Seven years ago, the British rebate was also a big issue, and it was only solved when the German chancellor, Angela Merkel, put extra German money on the table and mediated between Poland and the rest of the EU.

Hunting for bargains in Brussels

It's not just Britain this time which is threatening a veto: the French president, Francois Hollande, has said he'll say "non" if agricultural subsidies are reduced. It's French farmers who profit the most from what is the largest element in the EU budget. Spain and Lithuania for their parts reject any cuts in the regional fund, from which they benefit. Each of the 27 leaders has his or her own pet interest which has to be considered somewhere in the budget.

Father Herman takes confession

Ahead of the main meeting in the conference room on the top floor of the council building, Van Rompuy and the commission president, Jose Manual Barroso have been in a small room in the building, talking to each of the leaders separately. The EU diplomats call this "confession." The meetings allow Rompuy the Confessor to find out where the lines in the sand are and where compromises might be possible.

Each leader gets just 20 minutes, but the confessions last altogether some nine hours.

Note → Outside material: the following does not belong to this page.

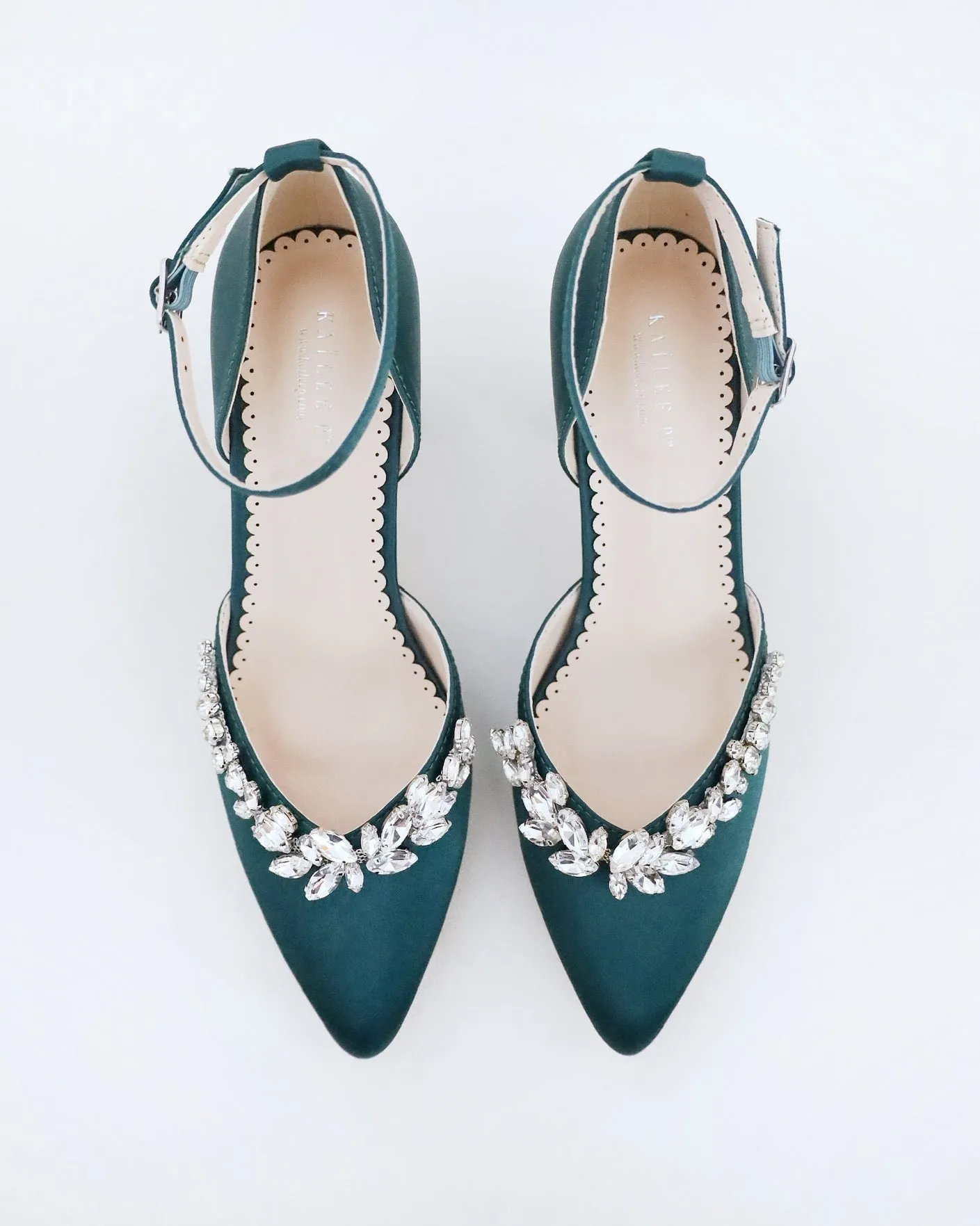 Marquise Rhinestone Block Heel Evening Shoes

One of the first in the room was David Cameron; one of the last was Angela Merkel, who speaks for the country which pays the most.

European Council President Herman Van Rompuy (L) listens as European Commission President Jose Manuel Barroso addresses the media before the G20 Summit in Los Cabos June 18, 2012. G20 leaders will kick off two days of meetings in the Pacific resort of Los Cabos on Monday. REUTERS/Henry Romero (MEXICO - Tags: POLITICS)
Rompuy (left) and Barroso must first talk directly to each of the 27 EU leadersImage: Reuters

Van Rompuy has planned further confessions for Friday. During this process, the rest of the leaders have nothing to do, so they meet in bilateral talks to agree on their strategy. According to a diplomat who prefers not to be named, they might also travel into the city to do some shopping, or they may take a nap: "The important heads of government hate nothing more than having to wait. The longer it goes on, the more worn-down they get." And that, he says, is Van Rompuy's strategy.

Summit theater

The fine details of the budget have already been worked out long ago by the delegations of the 27 member states, the commission and the parliament, which has to agree in the end. The summit is the stage for the leaders to show that they are doing everything to protect the interests of their voters.

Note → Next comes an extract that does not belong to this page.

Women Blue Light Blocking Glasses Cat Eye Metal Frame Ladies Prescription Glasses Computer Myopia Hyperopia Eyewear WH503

"The public needs to know that they've really gone to the limit," said political consultant Matthias Schranner during the last summit in June. "Just imagine if all the leaders came out after an hour and said, 'That's it, then.' Nobody would believe they'd squeezed out everything they could."

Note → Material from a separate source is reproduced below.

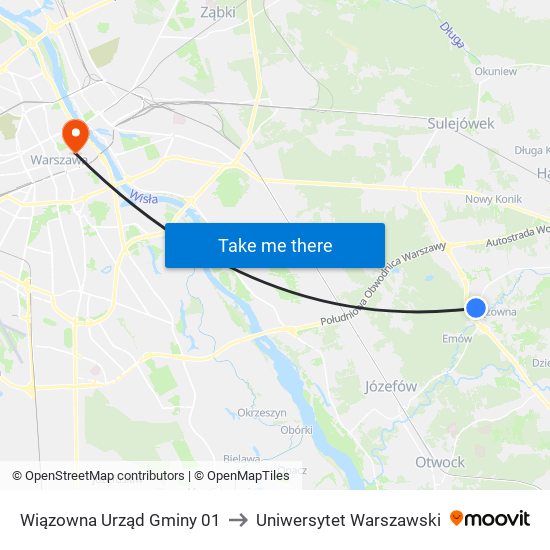 Wiązowna Urząd Gminy to Uniwersytet Warszawski map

The summits follow a script: as one diplomat put it, the longer the session and the later the hour, the more dramatic the breakthrough. Few of the leaders present at this meeting were there last time in 2006. Only Merkel and Juncker were there as leaders; the Lithuanian president Dalia Grybauskaite was then EU budget commissioner and had to deal with the figures in great detail.

Monday morning?

The German delegation is saying it wouldn't be so terrible if there were no agreement. Böge of the parliamentary budget committee is also not that worried. If the leaders don't agree, the old budget will simply be carried forward. Ahead of the meeting, Merkel spoke of "a second stage" which might be needed. "It's about the ability of the union to deal with the future," she said, but expenditure must be limited at a time of crisis.

Reinfeldt told a reporter, "I've got time," and the Austrian chancellor, Werner Faymann, said he has five shirts with him: "I'm set up for Sunday or even Monday."